_Task objective_:
Restate the data that follows exactly as it stands, beginning with the first line and ending with the line that contains "6pcs Dinosaur Collectible".

┄┄┄┄┄┄┄┄┄┄

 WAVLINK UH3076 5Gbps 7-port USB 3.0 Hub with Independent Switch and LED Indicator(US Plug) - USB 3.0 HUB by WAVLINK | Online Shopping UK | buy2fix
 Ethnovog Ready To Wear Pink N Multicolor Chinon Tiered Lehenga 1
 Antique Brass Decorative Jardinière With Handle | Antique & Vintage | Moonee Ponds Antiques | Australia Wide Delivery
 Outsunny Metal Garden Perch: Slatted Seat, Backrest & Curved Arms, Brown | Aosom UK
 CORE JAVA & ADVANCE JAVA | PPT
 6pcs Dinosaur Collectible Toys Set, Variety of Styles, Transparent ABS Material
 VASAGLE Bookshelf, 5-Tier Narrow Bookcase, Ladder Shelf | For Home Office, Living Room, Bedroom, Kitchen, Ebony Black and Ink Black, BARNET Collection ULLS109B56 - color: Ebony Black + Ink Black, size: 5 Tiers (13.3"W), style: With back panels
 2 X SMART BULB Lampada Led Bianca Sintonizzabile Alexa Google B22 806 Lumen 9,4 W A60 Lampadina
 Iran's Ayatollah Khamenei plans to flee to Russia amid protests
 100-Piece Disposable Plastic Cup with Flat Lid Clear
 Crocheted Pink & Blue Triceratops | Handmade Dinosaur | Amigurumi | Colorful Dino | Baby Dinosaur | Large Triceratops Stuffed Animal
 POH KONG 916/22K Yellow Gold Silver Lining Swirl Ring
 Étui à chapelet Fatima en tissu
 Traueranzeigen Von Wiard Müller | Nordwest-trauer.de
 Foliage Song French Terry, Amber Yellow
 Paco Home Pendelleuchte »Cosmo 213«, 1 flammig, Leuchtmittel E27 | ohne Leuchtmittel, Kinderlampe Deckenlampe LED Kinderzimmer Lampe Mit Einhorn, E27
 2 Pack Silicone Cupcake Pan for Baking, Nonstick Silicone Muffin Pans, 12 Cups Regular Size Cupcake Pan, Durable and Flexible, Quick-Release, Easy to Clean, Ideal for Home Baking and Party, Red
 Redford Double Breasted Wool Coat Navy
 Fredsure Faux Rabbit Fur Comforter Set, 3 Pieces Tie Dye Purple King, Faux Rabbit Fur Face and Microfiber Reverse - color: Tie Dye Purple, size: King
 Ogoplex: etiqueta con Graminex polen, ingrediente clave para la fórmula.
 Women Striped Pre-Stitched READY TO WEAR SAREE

┄┄┄┄┄┄┄┄┄┄

_Result of the task_:
 WAVLINK UH3076 5Gbps 7-port USB 3.0 Hub with Independent Switch and LED Indicator(US Plug) - USB 3.0 HUB by WAVLINK | Online Shopping UK | buy2fix
 Ethnovog Ready To Wear Pink N Multicolor Chinon Tiered Lehenga 1
 Antique Brass Decorative Jardinière With Handle | Antique & Vintage | Moonee Ponds Antiques | Australia Wide Delivery
 Outsunny Metal Garden Perch: Slatted Seat, Backrest & Curved Arms, Brown | Aosom UK
 CORE JAVA & ADVANCE JAVA | PPT
 6pcs Dinosaur Collectible Toys Set, Variety of Styles, Transparent ABS Material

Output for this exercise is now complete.